Apple’s manufacturing shift from China to India isn’t going as smoothly as it hoped. At an iPhone casings factory near Bengaluru run by Indian conglomerate Tata Group, only about half of the components coming off the production line are in good enough shape to be sent for assembly, the Financial Times reported Feb. 13.
The iPhone maker’s shares fell about 1.5 percent in today’s (Feb. 14) pre-market trading.
Apple has a zero-defect goal for its iPhone casings manufacturers and its previous Chinese suppliers were able to get extremely close to that target, according to the FT.
The U.S. tech giant began moving some of its iPhone production to India in mid-2022 after frequent Covid lockdowns stalled manufacturing at its suppliers’ factories in China. Before the shift, Apple assembled more than 95 percent of iPhones in mainland China. It now aims to produce 25 percent of iPhones in India by 2025 and increase that share to 50 percent by 2028.

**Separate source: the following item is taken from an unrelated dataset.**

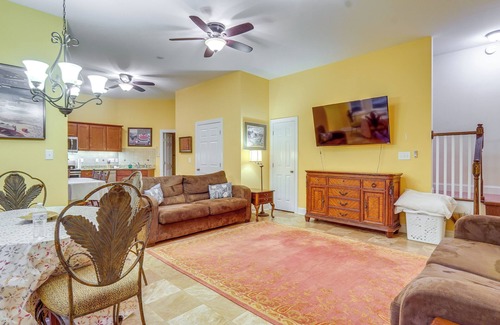 Westover Apartamento | Scenic Studio w/ Dock Access in Fayetteville!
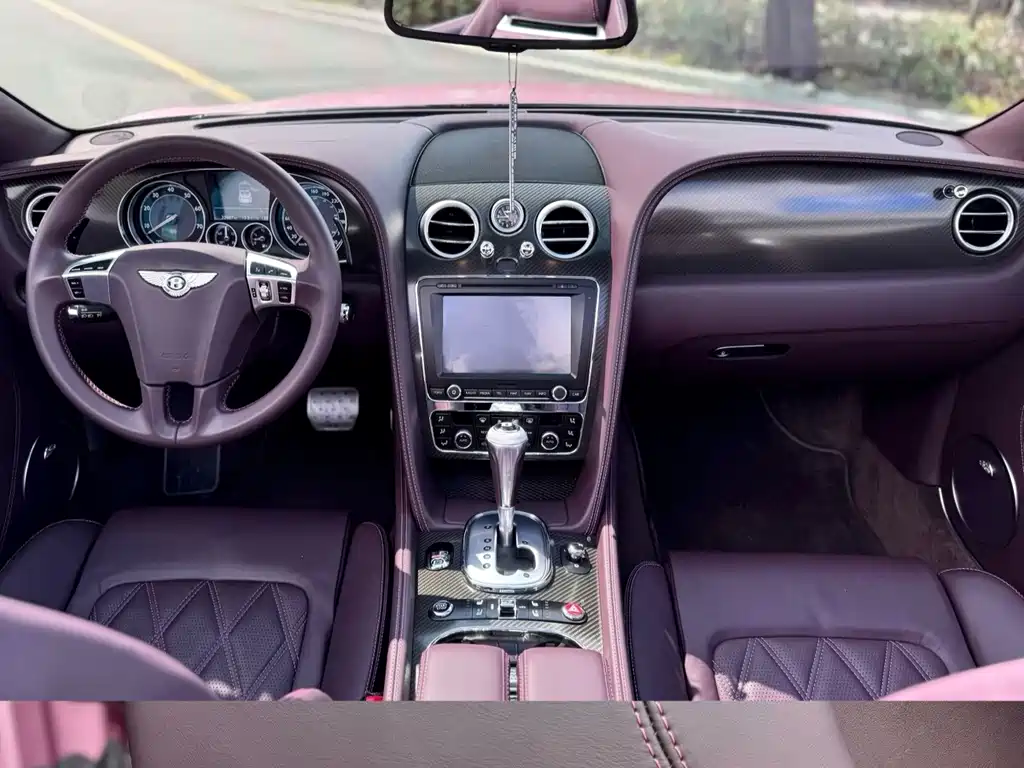 Bentley Continental 2015 — фото 4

However, it could take three years or longer for Apple’s Indian suppliers to catch up with Apple’s manufacturing standards, Vivek Wadhwa, an Indian-American entrepreneur and an engineering professor at Carnegie Mellon University, told the FT.
Apple has been making older iPhone models in India since 2017. It began assembling the new iPhone 14 lineup in the country last year.